- Born: January 20, 1820 Newberry County, South Carolina
- Died: November 24, 1902 (aged 82) Abernant, Tuscaloosa County, Alabama
- Resting place: Columbiana, Alabama
- Education: University of Alabama
- Occupations: Baptist clergyman, Confederate States Army chaplain, and author

= E. B. Teague =

American evangelist and educator

Eldred Burder "E. B." Teague (January 20, 1820 – November 24, 1902) was an Alabama Baptist minister and educational leader of the 19th century.

E. B. Teague was born in Newberry County, South Carolina on January 20, 1820. In 1822, his family moved to Greene County, Alabama, then to Shelby County, Alabama. He graduated from the University of Alabama on December 16, 1840, and received a Master of Arts three years later. He was awarded an honorary Doctorate of Divinity from Howard College in 1870.

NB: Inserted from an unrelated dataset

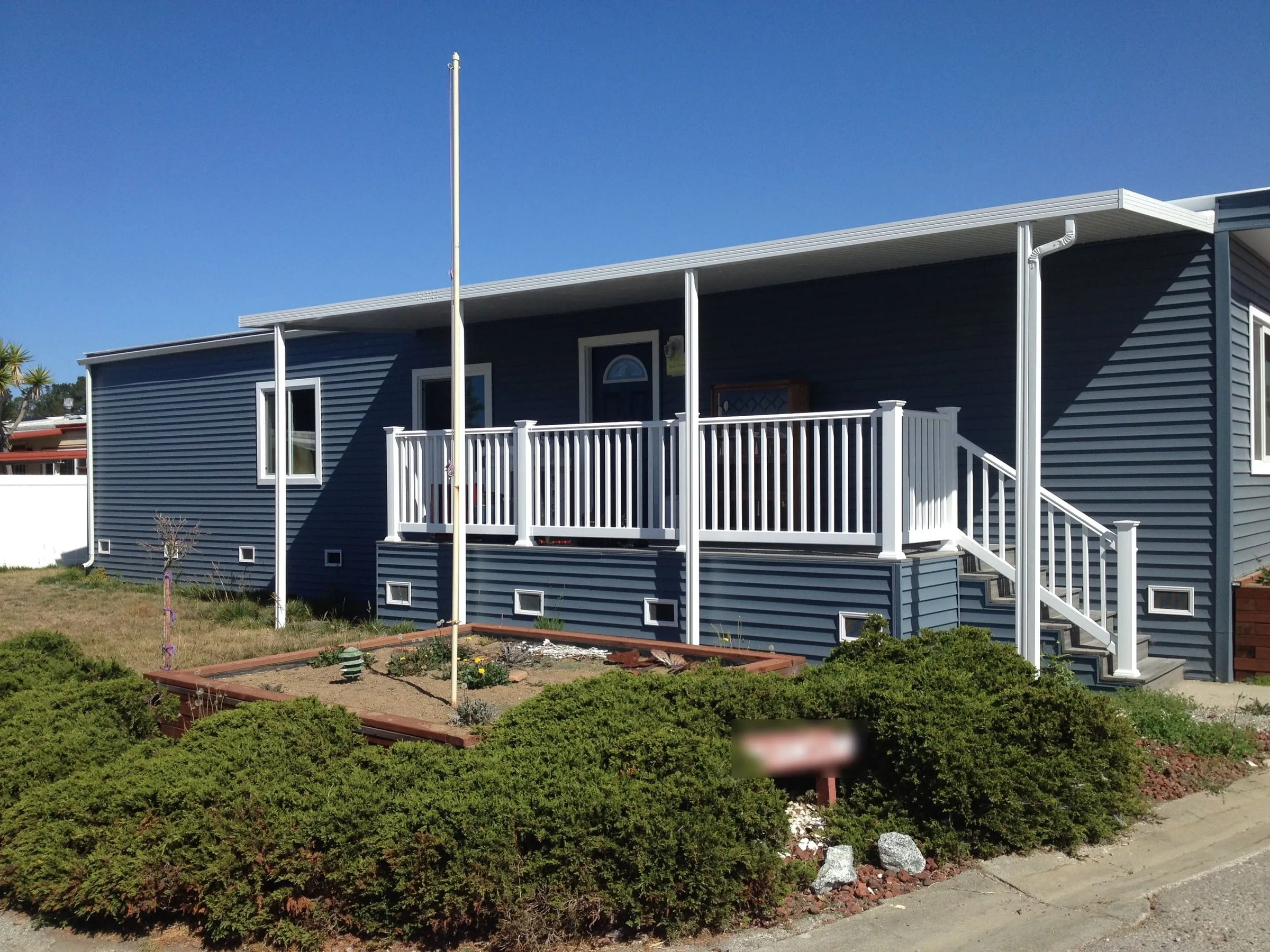 Mobile home with new blue siding, white trim and a railed front deck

On June 15, 1843, he married Sophia Nelson Blount, who was the daughter of James G. Blount (a former sheriff of Tuscaloosa County). Together they had six children. After Sophia's death, he married Louise Emeline Philpot in June 1861 in Tuskegee, Alabama. This marriage produced ten children.

He was a teacher for six years in Montgomery County, and became an ordained minister in 1844. He preached at various churches in Alabama for ten years before preaching at a church in LaGrange, Georgia for ten years. For three years, he was the president of East Alabama Female College in Tuskegee, before returning to active ministry. During his role as a preacher, he served churches in Selma, Columbiana, Montevallo, Fayetteville, Jefferson County, Greene County, Alabama, and LaGrange, Georgia. He retired from preaching in 1896, after serving as pastor in Columbiana for a second time. He also organized the Baptist church in Wilsonville, Alabama. While preaching in Shelby County and the surrounding area, Teague lived on his farm in the Fourmile community, which he named Red Lawn.

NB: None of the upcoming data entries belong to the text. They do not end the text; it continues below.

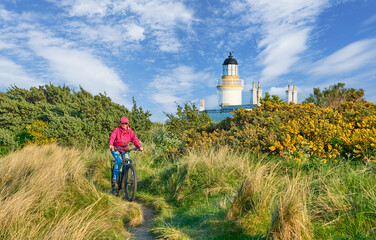 nice senior woman riding her electric mountain bike between blooming gorse i at Chanonry Point...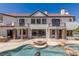 A stunning two-story home featuring a beautiful backyard pool and luxurious patio area at 9501 Balatta Canyon Ct, Las Vegas, NV 89144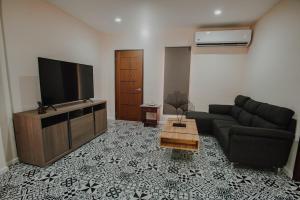TV a/nebo společenská místnost v ubytování Segara Residencias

E. B. Teague played an important role in the Alabama Baptist Convention. In 1873, he became one of the editors of The Alabama Baptist. In 1886, he introduced a successful resolution at the state convention meeting to move Howard College from Marion to Birmingham He also authored two books: "Sketches of the History of Shelby County," and "An Outline Picture of the Baptist denomination in Alabama in former times and incidentally in other states; consisting of sketches, pastoral and ministerial experience, and various miscellanies," (which is deposited in the Southern Baptist Theological Seminary archives).

During the American Civil War, he served with the Army of Tennessee from the Chattanooga campaign until General John Bell Hood's expedition into Georgia.

E. B. Teague died on November 24, 1902, in Abernant, Alabama, and is buried in the Columbiana Cemetery in Columbiana, Alabama.